DATA:
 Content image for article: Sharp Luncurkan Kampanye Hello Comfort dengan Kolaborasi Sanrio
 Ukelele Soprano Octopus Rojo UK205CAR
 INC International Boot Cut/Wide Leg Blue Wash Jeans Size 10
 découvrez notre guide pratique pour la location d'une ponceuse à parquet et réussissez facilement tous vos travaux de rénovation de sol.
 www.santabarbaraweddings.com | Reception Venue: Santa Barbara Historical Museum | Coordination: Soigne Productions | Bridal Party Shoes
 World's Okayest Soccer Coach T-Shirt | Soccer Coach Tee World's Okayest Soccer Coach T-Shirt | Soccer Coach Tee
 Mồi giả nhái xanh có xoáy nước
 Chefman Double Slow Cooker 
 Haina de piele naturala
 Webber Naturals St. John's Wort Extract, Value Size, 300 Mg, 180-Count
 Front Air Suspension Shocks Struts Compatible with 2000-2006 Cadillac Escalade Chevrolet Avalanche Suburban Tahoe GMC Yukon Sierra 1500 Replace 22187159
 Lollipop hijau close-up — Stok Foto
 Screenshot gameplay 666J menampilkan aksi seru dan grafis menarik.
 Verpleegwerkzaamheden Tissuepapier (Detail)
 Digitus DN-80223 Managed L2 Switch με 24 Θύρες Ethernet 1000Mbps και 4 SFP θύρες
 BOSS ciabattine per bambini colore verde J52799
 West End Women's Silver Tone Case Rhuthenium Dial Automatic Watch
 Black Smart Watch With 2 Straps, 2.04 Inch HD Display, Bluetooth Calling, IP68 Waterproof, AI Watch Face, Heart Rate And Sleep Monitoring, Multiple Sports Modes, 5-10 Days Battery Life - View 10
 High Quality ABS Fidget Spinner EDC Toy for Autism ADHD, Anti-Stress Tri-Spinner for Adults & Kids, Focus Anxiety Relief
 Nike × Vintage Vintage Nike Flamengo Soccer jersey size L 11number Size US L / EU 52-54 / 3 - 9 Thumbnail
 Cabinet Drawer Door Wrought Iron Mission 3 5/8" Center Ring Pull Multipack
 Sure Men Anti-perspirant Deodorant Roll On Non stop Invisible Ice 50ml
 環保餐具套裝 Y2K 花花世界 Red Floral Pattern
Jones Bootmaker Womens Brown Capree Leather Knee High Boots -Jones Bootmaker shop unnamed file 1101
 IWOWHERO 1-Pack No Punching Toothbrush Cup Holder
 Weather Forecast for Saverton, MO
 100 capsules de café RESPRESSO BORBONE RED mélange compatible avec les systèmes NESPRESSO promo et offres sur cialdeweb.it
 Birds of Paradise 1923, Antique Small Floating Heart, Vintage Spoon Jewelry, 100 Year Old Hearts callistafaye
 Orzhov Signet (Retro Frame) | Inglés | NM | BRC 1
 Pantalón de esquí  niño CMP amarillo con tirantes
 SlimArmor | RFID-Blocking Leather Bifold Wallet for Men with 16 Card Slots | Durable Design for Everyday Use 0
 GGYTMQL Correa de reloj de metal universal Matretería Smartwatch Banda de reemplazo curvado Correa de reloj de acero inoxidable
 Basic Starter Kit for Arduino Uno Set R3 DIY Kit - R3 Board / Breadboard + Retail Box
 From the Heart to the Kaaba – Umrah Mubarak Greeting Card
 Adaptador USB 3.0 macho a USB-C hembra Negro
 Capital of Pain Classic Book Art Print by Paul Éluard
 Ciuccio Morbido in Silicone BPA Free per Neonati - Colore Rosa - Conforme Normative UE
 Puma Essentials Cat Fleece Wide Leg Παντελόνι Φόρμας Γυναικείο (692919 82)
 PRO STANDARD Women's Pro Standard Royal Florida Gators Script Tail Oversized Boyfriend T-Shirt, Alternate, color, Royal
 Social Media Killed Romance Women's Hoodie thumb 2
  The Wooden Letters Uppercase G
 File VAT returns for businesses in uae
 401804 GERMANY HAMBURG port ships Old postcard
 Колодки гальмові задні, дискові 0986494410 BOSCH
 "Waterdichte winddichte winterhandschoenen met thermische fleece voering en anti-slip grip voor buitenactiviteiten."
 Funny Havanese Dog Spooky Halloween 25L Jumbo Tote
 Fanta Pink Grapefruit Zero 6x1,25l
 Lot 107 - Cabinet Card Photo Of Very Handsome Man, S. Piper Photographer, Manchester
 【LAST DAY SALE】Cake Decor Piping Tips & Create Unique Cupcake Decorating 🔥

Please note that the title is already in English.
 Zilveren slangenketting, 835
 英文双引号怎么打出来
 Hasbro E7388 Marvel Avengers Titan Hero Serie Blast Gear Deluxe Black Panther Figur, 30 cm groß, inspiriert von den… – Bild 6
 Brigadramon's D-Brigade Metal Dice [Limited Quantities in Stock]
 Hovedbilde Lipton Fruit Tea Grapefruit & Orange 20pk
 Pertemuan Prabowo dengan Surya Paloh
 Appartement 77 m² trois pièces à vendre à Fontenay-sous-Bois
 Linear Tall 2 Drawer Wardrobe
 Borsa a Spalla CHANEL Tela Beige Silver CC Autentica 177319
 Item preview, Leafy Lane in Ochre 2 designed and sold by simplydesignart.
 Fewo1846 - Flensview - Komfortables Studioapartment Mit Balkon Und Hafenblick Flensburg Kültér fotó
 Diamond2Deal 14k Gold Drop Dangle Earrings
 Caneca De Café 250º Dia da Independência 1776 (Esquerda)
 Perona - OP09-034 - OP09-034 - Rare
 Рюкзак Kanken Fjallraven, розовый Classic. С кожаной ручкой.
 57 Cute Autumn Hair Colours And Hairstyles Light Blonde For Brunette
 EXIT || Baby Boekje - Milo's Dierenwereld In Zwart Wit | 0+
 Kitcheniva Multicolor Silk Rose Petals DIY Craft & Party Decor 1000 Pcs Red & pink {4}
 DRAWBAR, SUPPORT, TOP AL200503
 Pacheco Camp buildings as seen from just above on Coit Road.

WHAT YOU ARE ASKED TO DO: When you reach the line with "SlimArmor | RFID-Blocking" in the records above, start writing out lines exactly, and stop once the line with "Capital of Pain" has been written; include nothing else.

ANSWER TO THIS PROBLEM:
 SlimArmor | RFID-Blocking Leather Bifold Wallet for Men with 16 Card Slots | Durable Design for Everyday Use 0
 GGYTMQL Correa de reloj de metal universal Matretería Smartwatch Banda de reemplazo curvado Correa de reloj de acero inoxidable
 Basic Starter Kit for Arduino Uno Set R3 DIY Kit - R3 Board / Breadboard + Retail Box
 From the Heart to the Kaaba – Umrah Mubarak Greeting Card
 Adaptador USB 3.0 macho a USB-C hembra Negro
 Capital of Pain Classic Book Art Print by Paul Éluard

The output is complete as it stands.